A check through Wikipedia affirmed the NYT report that under Orban’s watch, Parliament “assaulted” the Hungarian Constitution in a big way. It reportedly made 2,000 amendments, which placed too much power in the hands of Fidesz, limited oversight by the Constitutional Court, and removed democratic checks and balances in various areas of governance, including in the supervision of elections and the mass media.
The erosion of checks and balances “has helped Mr. Orban share the spoils of power with close friends and important businessmen,” the article pointed out. And by restructuring the electoral system (through redrawing the electoral map, for example) he has been able to remain in power, even as his party has been winning fewer votes in succeeding elections. A founding member of the Constitutional Court, Imre Voros, noted: “The election law does not correspond to democratic features, and Hungary is therefore not a democratic country.”
Summing up, the NYT article, written by Patrick Kingsley, says:
“Through legislative fiat and force of will, Mr. Orban has transformed the country into a political greenhouse for an odd kind of soft autocracy, combining crony capitalism and far-right rhetoric with a single-party political culture. He has done this even as Hungary remains a member of the European Union and receives billions of dollars in funding from the bloc. European Union officials did little as Mr. Orban transformed Hungary into what he calls an ‘illiberal democracy.’
“Now Mr. Orban is directly challenging the countries that have long dominated the European bloc, predicting that 2018 will be ‘a year of great battles’…. His domestic political standing is largely unchallenged, partly because of the changes he has made in the electoral system; he is almost certain to win another term in the April elections.”
Orban’s political thrust is reportedly being felt in Central and Eastern Europe. He has already hooked Poland’s Law and Justice Party leader Jaroslaw Kaczynski into following in his footsteps. “You have given an example, and we are learning from your example,” Kaczynski has said.

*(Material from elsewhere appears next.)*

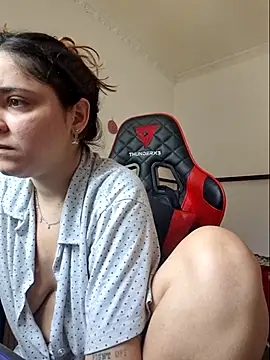 Snapshot of luuhcat09 chatting on September 9, 12:49 pm luuhcat09 online show from September 9, 12:49 pm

In a socio-economic, political, and cultural setting different from Hungary’s, President Duterte and his PDP-Laban’s version of a legislative “supermajority” are brashly but crudely pursuing, through con-ass (constituent assembly), their assault on the 1987 Constitution, purportedly to allow the shift to a federal form of government whose ramifications and workability have yet to be clearly defined.
We can be heartened by the strong and broadening public opposition, even condemnation, that has met their scheme (unlike in the Hungarian case, apparently). Being spurned are the administration’s proposals: to extend the terms of elected officials; centralize power in President Duterte’s hands; limit the people’s exercise of sovereign power; and open our natural resources to full foreign exploitation and our public utilities, educational institutions and media, among other investment areas, to full foreign ownership.